══ Provided data ══

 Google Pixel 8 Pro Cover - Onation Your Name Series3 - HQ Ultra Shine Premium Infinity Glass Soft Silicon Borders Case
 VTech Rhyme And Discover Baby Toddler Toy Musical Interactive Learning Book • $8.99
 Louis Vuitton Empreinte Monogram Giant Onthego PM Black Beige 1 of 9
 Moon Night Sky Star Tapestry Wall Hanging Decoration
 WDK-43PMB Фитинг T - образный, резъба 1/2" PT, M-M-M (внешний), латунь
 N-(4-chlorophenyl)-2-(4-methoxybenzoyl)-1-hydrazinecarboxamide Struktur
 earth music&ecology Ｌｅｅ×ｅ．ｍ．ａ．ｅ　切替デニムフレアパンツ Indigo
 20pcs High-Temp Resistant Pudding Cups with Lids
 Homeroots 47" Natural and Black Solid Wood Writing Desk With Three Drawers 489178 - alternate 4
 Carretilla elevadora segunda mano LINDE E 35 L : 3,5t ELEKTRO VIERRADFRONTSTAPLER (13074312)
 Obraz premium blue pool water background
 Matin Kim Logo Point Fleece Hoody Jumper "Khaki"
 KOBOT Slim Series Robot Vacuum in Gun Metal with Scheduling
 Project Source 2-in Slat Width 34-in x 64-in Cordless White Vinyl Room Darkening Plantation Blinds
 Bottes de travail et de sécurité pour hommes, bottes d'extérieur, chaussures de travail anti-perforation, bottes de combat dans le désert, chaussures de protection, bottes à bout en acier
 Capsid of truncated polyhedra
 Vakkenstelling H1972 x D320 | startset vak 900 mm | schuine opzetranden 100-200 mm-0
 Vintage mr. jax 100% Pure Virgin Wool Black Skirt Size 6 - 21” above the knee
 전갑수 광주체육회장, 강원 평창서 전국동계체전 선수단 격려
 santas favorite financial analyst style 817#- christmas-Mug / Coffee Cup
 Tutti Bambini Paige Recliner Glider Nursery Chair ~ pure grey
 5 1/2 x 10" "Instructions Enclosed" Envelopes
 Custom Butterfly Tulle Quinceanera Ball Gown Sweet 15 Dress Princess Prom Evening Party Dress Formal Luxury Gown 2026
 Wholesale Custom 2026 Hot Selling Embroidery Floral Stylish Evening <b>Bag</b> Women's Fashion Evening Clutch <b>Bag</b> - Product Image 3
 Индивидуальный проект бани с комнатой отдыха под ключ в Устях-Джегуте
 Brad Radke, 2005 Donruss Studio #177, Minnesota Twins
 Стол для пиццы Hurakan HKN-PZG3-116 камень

═══

• _What you will do_: From the entries above, give again exactly the lines running from the line with "earth music&ecology Ｌｅｅ×ｅ．ｍ．ａ．ｅ　切替デニムフレアパンツ" to the line with "Carretilla elevadora segunda"; include both of those lines.

• _Answer space_:
 earth music&ecology Ｌｅｅ×ｅ．ｍ．ａ．ｅ　切替デニムフレアパンツ Indigo
 20pcs High-Temp Resistant Pudding Cups with Lids
 Homeroots 47" Natural and Black Solid Wood Writing Desk With Three Drawers 489178 - alternate 4
 Carretilla elevadora segunda mano LINDE E 35 L : 3,5t ELEKTRO VIERRADFRONTSTAPLER (13074312)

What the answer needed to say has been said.